For all its promise, buprenorphine, whose use is confined to opiates, will help only a fraction of the Americans who abuse drugs. Researchers say their focus now is on finding new treatments for a wide variety of drugs. They hope to find medications that are not simply chemical substitutes but eliminate dependence altogether. In some laboratories, researchers are working on developing medications that do away with the cravings that make abstinence from any drug a struggle. "It's never as simple as just washing the drug out of your body," said Dr. Anna Rose Childress, a research associate professor of psychology at the University of Pennsylvania medical school.
The shift toward treating cravings came largely from imaging studies. Researchers found that when a recovering addict was shown slight cues or reminders of an old drug habit—an antidrug advertisement, for example, a cigarette or a syringe—it set off intense activity in the brain's reward circuitry, and produced an urge to relapse. "Often, this is what pulls people back in," Dr.

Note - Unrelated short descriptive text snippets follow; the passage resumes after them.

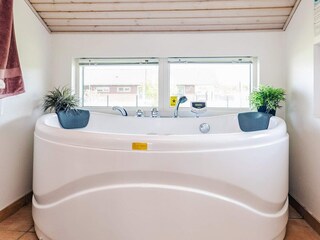 Casa per le vacanze Rødby  40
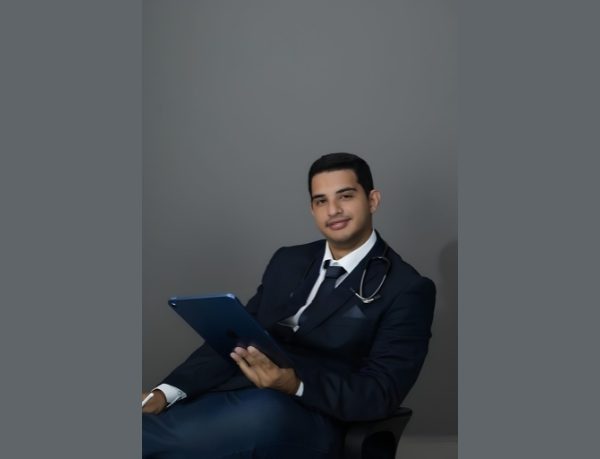 Yuri Silva Portela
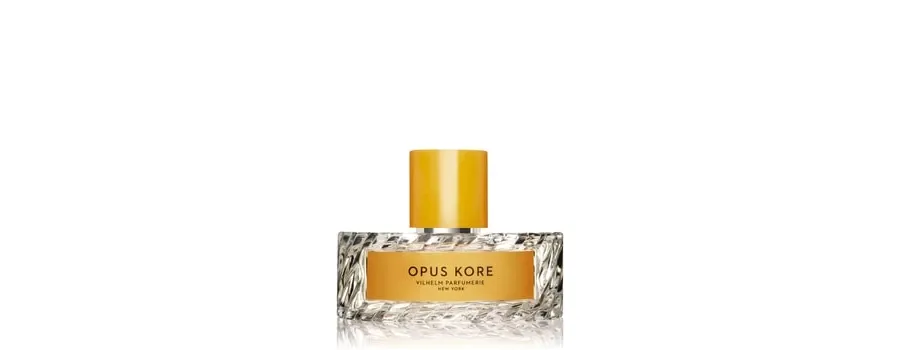 obrazek 1 Vilhelm Parfumerie Opus Kore Woda perfumowana 100 ml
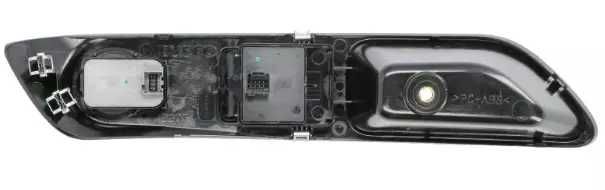 Comutator, regulator butoane geam Iveco daily 5802804532 Daily VI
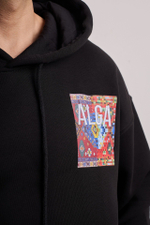 Халпзипер женский ALGA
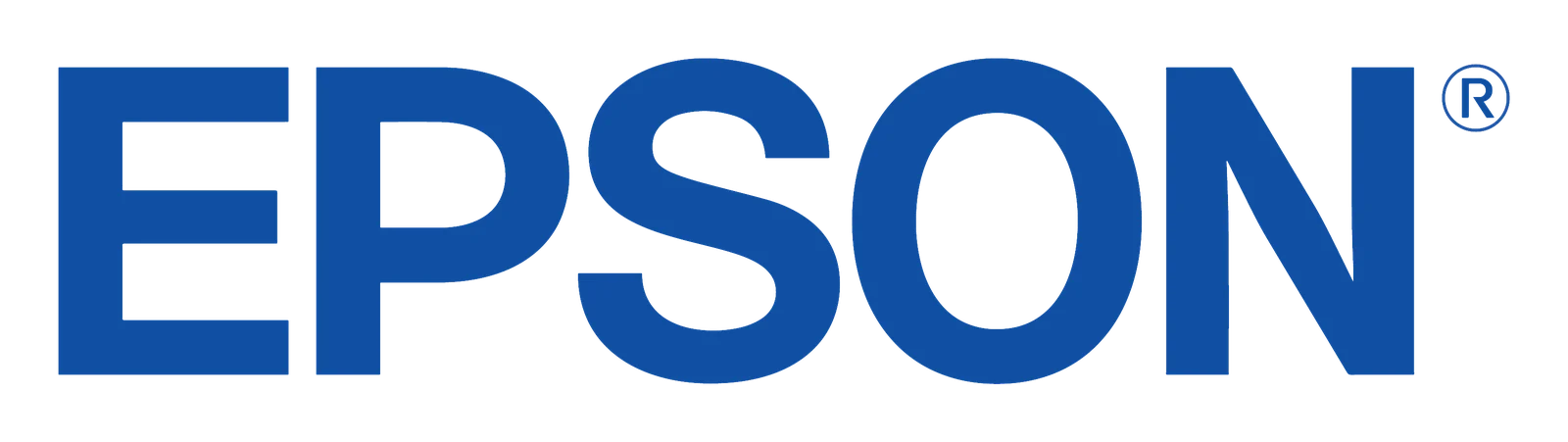 Epson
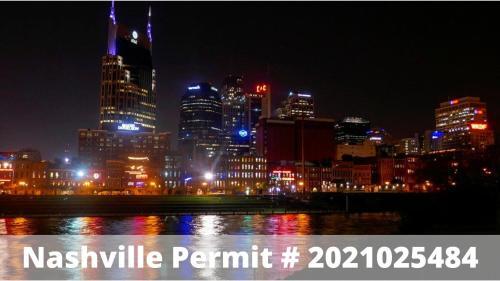 4 Connecting Condos - Sleeps 38 - Firepits - Garages - Rooftops Decks - Great Views - Security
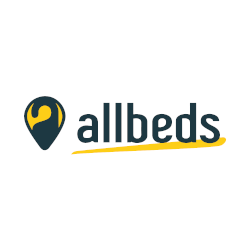 Allbeds 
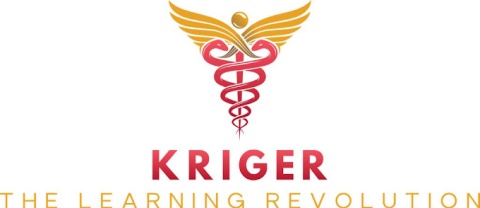 Kriger Medical Coding and CPC Certification Training Institute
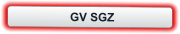 GV SGZ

Dackis said. Campral, the anticraving medication, made by Merck and approved for alcoholism by the F.D.A. last week, appears to dampen that response by elevating levels of GABA, the brain's major inhibitory neurotransmitter. Dr. Childress believes that GABA helps rein in the reward circuitry that drives people to seek drugs and other pleasurable experiences. Campral has been used in Europe for several years.
At least two other drugs that increase GABA, topiramate and baclofen, seem to curb cravings for cocaine, heroin, cigarettes and alcohol. Dr. Childress, who is involved in clinical trials of baclofen for cocaine, said the medications may even help conquer compulsive behaviors like pathological gambling and sexual compulsion. Scientists have also found that the prescription medication modafinil, used for sleep disorders, can blunt the euphoria of cocaine.
…
It may be years, experts concede, before the promise of vaccines, anticraving drugs and other new treatments can be fully realized. And if the prospect of a world without drug addiction seems too good to be true, it just might be. None of the drugs is a magic bullet. Psychotherapy will still be needed to help addicts repair frayed relationships and overcome psychological dependence. Moreover, an addict who is determined to get high, experts say, can counteract even the most effective medication - by not taking it. "In the drug abuse field you have to be humble," said Dr. Margaret Haney, a researcher at the New York State Psychiatric Institute who is involved in clinical trials of the cocaine vaccine. "There is nothing that is going to work for everyone, but we're just hoping to increase the odds that someone will be able to stay clean and have just enough time to get their lives back in order."